Since the protocol is stateless and the connection is terminated once the server has responded, the function gopher_connect() establishes and closes a connection every time a new request is made. The function gopher_connect() appends "\r\n" to the request which is passed as the parameter request. It sends the request line to the server. The function func(), passed as another argument to gopher_connect(), is responsible for receiving the response from the server.

Instantiations of func() include indexing(), evaluate_file_size() and print_response(). With reference to the protocol guidelines, the client listens for a response until the server terminates the connection. Therefore, these three functions use recv() provided by the Socket API in a while loop. The built-in timeval struct and the errno library in C are utilised for handling timeouts and failed responses. Notice that a failure to receive a response is handled differently from an empty string response from the server.

Recording Indexed Files and Directories

As long as the server adheres to the protocol's format, its response to a pathname is always the directory index with the first character of a row indicating the nature of the file. For instance, 0 indicates that the file is a (non-binary) text file whereas 1 refers to a subdirectory or an external server. The function indexing() uses this information to determine the type of the file/directory. A new entry is added to the linked list, including the item's pathname and type.

If the request is invalid, the corresponding response begins with 3. In this case, a new entry is added to the linked list if and only if it does not already exist. This enables us to count the number of invalid references at a later stage.
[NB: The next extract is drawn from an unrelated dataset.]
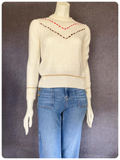 VINTAGE 1970’s CREAM KNIT JUMPER CHEVRON RIBBON LUREX DETAIL UK8-10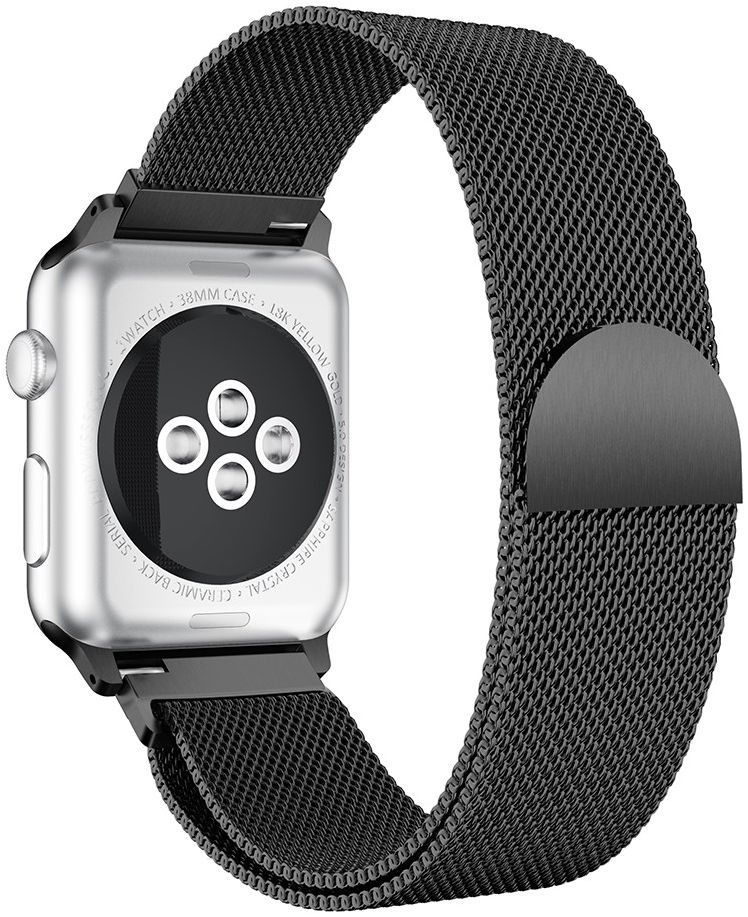 Geschikt voor Apple Watch 45MM / 44MM / 42MM Bandje Milanese RVS Zwart afbeelding 2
With reference to RFC 1436, the canonical type 9 refers to binary files. Actual server implementations often have more specific types and non-canonical types that gained popularity after RFC 1436 was published. In this client program, files that are not in plain text are considered binary.

Classification File types
Directory 1
Reference to external server 1
Text file 0
Error 3
Binary file 4 (BinHex-encoded file), 5 (DOS file), 6 (uuencoded file), 9 (Binary file), g (GIF), I (Image), : (Bitmap), ; (Movie), < (Audio), d (Document), h (HTML), p (PNG), r (RTF), s (Sound), P (PDF), X (XML)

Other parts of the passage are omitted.